Mme [G] [J] est décédée en cours de procédure le 24 juin 2021, Mme [Y] [F] devenant dès lors pleinement propriétaire des deux parcelles litigieuses.

Par application des dispositions de l'article 455 du code de procédure civile, les moyens développés par chacune des parties à l'appui de leurs prétentions respectives sont directement énoncés dans la partie MOTIFS DE LA DÉCISION.

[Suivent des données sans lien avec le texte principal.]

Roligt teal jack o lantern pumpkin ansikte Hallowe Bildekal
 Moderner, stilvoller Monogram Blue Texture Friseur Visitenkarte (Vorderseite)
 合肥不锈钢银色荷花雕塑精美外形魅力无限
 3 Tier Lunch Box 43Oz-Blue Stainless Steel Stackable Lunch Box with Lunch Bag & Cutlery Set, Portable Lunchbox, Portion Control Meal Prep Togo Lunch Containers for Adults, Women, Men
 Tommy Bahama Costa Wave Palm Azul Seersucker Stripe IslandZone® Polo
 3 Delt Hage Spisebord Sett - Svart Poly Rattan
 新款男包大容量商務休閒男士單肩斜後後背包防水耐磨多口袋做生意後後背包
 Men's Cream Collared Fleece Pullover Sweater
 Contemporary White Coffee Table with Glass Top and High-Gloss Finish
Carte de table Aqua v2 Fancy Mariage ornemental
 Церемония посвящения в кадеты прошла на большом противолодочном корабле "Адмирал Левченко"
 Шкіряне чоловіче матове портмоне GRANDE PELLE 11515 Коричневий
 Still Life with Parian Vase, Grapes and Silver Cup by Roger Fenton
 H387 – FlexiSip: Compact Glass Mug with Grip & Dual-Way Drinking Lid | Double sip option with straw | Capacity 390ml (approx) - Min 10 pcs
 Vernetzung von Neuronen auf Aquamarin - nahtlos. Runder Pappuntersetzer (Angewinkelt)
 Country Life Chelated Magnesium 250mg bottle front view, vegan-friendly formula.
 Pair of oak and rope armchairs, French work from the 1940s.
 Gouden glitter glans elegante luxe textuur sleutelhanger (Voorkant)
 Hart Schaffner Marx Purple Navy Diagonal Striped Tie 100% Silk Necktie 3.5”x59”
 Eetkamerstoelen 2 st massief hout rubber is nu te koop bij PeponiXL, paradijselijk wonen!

Après évocation de cette affaire et clôture des débats lors de l'audience civile collégiale du 23 mai 2022 à 14h00, au cours de laquelle chacun des conseils des parties a réitéré ses précédentes écritures. La décision suivante a été mise en délibéré au 5 juillet 2022, par mise à disposition au greffe.

MOTIFS DE LA DÉCISION :

Il sera rappelé, à titre liminaire, qu'en application des dispositions de l'article 954 dernier alinéa du code de procédure civile « La cour ne statue que sur les prétentions énoncées au dispositif [des conclusions d'appel] (') », de sorte que les demandes tendant à « Constater que' », « dire et juger' » ou « Donner acte' » figurant dans tout dispositif de conclusions de procédure d'appel renvoient aux moyens et arguments développés dans le corps de ces mêmes conclusions.

Dans une demande qui aurait dû être préalable et se situer dans leurs conclusions en amont de toute discussion de fond, s'agissant d'une demande d'annulation de pièce, M. [D] et M. [T] ne précisent pas en quoi le constat d'huissier de justice du 8 janvier 2018 produit par Mme [F] serait contraire à l'article 6.1 de la Convention européenne des droits de l'homme pour n'avoir pas fait l'objet d'une autorisation judiciaire préalable par ordonnance. Leur demande d'annulation de cet acte extrajudiciaire produit à des fins probatoires sera en conséquence rejetée.

L'article L.411-39 du code rural et de la pêche maritime dispose que :

« Pendant la durée du bail, le preneur peut effectuer les échanges ou locations de parcelles qui ont pour conséquence d'assurer une meilleure exploitation.

Les échanges ne peuvent porter que sur la jouissance et peuvent s'exercer sur tout ou partie de la surface du fonds loué. La commission consultative départementale des baux ruraux fixe et l'autorité administrative du département publie par arrêté, pour chaque région agricole, la part de surface de fonds loué susceptible d'être échangée. Cette part peut varier en fonction de la structure des exploitations mises en valeur par le preneur. Pour les fonds mentionnés à l'article 17-1 du code rural, elle ne peut être inférieure à la moitié de la surface totale du fonds loué.

Les échanges mentionnés au présent article ne peuvent porter sur la totalité du bien loué que si sa surface n'excède pas le cinquième du seuil mentionné à l'article L. 312-1, compte tenu de la nature des cultures.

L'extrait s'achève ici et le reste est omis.